Видя, как прочно укоренились в советском быту эти растленные люди, оправдывающие антимещанскими фразами мещанское свое негодяйство, Зощенко, моралист и сатирик, воссоздал в своих книгах без всяких прикрас их «мерзопакостный» мир.

Критики, требовавшие, чтобы наша новая жизнь изображалась как некий Эдем, в который будто бы мгновенно превратилась вся многогрешная и нищая Русь, могли сколько угодно твердить о пасквилянтстве писателя. Вдумчивые читатели хорошо понимали, что превращение вчерашнего раба в человека есть очень долгий процесс и что, обличая мещан, ловко приспособившихся к новой действительности, Зощенко тем самым выражал свое глубокое уважение к ней.

Вот какими хотел бы он видеть подлинных (а не фальшивых) советских граждан, живущих в подлинном (а не в фальшивом) советском быту:

«Рисуется замечательная жизнь. Милые, понимающие люди. Уважение к личности. И мягкость нравов. И любовь к ближним, и отсутствие брани и грубости».
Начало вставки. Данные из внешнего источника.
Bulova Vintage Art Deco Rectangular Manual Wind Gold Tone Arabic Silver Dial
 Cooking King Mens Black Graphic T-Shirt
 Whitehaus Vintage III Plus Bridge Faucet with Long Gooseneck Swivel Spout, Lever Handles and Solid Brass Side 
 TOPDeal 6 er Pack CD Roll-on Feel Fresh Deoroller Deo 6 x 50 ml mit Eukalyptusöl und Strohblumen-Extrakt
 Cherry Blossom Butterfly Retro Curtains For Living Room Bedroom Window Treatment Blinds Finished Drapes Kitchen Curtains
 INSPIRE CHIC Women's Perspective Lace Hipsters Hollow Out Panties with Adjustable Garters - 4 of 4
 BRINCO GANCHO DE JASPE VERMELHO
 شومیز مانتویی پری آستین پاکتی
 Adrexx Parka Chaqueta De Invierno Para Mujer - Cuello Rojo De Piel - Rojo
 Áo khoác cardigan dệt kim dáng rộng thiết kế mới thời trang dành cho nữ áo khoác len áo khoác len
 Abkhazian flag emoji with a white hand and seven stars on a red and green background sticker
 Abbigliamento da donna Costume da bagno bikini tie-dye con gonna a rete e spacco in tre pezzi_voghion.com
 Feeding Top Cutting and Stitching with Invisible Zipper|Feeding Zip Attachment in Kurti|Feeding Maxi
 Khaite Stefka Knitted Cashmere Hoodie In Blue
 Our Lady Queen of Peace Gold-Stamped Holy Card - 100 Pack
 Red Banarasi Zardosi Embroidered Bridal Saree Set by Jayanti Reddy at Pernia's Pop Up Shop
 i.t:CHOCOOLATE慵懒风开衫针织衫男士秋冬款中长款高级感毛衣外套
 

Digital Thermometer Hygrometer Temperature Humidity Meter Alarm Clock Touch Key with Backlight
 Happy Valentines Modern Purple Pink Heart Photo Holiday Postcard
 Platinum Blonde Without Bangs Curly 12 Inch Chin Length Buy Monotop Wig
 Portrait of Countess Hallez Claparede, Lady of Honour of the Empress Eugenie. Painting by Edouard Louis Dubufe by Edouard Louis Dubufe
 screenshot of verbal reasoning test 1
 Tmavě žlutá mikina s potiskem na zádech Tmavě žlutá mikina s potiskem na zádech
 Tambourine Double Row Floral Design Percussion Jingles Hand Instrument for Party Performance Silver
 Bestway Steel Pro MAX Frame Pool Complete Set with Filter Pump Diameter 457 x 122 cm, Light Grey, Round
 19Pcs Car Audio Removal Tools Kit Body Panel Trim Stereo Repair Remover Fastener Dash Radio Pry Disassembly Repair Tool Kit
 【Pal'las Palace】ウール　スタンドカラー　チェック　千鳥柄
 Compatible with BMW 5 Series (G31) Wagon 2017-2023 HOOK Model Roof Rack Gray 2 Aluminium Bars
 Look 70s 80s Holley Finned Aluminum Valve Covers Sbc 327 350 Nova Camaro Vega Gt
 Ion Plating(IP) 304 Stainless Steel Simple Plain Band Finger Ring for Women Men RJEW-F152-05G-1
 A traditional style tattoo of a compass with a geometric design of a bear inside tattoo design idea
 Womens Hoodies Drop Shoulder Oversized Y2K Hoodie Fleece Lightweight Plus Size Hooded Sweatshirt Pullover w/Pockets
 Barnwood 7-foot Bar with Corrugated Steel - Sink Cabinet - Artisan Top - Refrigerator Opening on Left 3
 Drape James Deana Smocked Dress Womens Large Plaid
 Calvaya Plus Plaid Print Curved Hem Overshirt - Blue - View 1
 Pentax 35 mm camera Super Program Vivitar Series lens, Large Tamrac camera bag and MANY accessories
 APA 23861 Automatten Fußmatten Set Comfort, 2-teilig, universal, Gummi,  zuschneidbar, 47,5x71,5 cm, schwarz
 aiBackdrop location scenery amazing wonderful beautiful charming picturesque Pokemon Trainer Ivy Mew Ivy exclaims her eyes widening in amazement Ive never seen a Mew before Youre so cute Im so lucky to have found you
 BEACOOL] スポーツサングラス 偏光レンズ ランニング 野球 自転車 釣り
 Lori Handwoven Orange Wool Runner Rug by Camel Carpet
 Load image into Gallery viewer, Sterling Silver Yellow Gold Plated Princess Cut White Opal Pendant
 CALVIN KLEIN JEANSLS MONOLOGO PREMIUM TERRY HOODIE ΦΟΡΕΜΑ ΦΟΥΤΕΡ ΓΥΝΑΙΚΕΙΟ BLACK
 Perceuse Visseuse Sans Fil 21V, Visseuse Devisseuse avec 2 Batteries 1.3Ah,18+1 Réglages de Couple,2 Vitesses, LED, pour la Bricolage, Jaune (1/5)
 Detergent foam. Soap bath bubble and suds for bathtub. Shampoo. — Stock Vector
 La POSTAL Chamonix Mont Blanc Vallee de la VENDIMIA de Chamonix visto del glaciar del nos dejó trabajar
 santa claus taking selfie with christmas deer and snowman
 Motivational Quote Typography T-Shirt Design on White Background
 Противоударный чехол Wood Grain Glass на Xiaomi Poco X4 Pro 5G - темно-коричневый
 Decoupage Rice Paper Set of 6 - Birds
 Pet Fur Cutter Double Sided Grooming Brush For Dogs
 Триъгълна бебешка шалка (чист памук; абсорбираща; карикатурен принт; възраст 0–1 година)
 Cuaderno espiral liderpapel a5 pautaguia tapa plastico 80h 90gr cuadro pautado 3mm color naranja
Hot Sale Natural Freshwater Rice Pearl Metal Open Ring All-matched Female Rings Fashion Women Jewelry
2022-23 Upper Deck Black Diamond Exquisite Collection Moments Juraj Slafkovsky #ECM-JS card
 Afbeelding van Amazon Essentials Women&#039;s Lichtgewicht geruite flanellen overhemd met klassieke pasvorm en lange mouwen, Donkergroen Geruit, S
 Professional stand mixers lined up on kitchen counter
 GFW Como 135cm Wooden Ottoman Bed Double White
Главной помехой на путях обновляемой жизни он, как и Маяковский, считал всех этих Сисяевых, Присыпкиных, Чучеловых, продолжающих и в новом обличии свою прежнюю клопиную жизнь.

А критикам, обвинявшим его в клевете на современную жизнь, он отвечал без обиняков, напрямик. В новелле «Сирень цветет» он обращается к ним с такими словами:

«Вот, — говорит он, — один милый дом. Гости туда шляются. Днюют и ночуют. В картишки играют. И кофе со сливками жрут. И за молодой хозяйкой почтительно ухаживают. И ручки ей лобзают. И вот, конечно, арестовывают хозяина, инженера. Жена хворает и чуть, конечно, с голоду не пухнет. И ни одна сволочь не заявляется. И никто ручку не лобзает. И вообще пугаются, как бы эти бывшие знакомые не кинули на них тень…»

«Ну что? — спрашивает писатель. — Может быть, это клевета? Нет, это именно так и наблюдается в каждую минуту нашей жизни. И пора, пора об этом говорить в глаза. А то все, знаете, красота да величие, да звучит гордо. А как до дела дойдет, так просто ну пустяки получаются».

Конечно, эта гневная отповедь нисколько не утихомирила критиков. Дерзость писателя, отказавшегося видеть «красоту и величие» там, где «в каждую минуту нашей жизни» (подумать только: в каждую минуту!) ему видится вероломство и злая корысть, показалась им до того возмутительной, что они еще громче, чем прежде, объявили его сатиры фантастикой. Один из них с сердитым недоумением спрашивал:

С кого они портреты пишут?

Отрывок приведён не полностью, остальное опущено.